Si Zannini convierte a Scioli en el representante indispensable pero poco
significativo de la Señora y de La Cámpora, estamos frente a una aventura personalista,
carismática y autoritaria que adhiere formalmente a las instituciones, para
transformarlas o reemplazarlas. Un paso hacia Venezuela.

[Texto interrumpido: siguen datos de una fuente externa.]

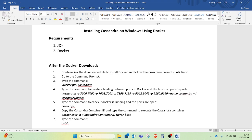Hello and welcome to this video. In this video we are going to be installing Cassandra on Windows, and for the installation we are going to be using Docker. As you know, Cassandra is not natively supported on Windows, so we will use Docker as a container in which Cassandra is going to run seamlessly.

Con característicos golpes de efecto, el peronismo armó el tinglado y
apuró a la oposición. En el PRO, la estrategia ecuatoriana era amarillo
canario, pero Cristina cantó antes el falta envido. Macri se equivocó cuando el
miércoles dijo: “Lo que ellos hagan tiene que ver con su realidad”,
refiriéndose a la fórmula diseñada por la Presidenta. Hasta que las cosas no
cambien mucho, lo que hagan los peronistas tiene que ver con “la realidad” de
todos. Por eso Macri perdió escenario. El viernes al
mediodía eligió a Michetti. Jugó con lo que ofrecía pureza
amarilla y algo más según las encuestas.
La decisión de Stolbizer también pierde, porque lo que sucede con el
kirchnerismo tiene un malsano poder expansivo. Lo cual es una verdadera
desgracia para el escenario donde se representa la política ante los
ciudadanos. Stolbizer tendrá que triplicar esfuerzos frente al miedo de que
gane Scioli bajo la tutela del lugarteniente de Cristina. Tendrá que triplicar
esfuerzos para que sus votantes elijan una perspectiva de futuro y crean que
vale la pena plantearse una pregunta: ¿tiene futuro el progresismo?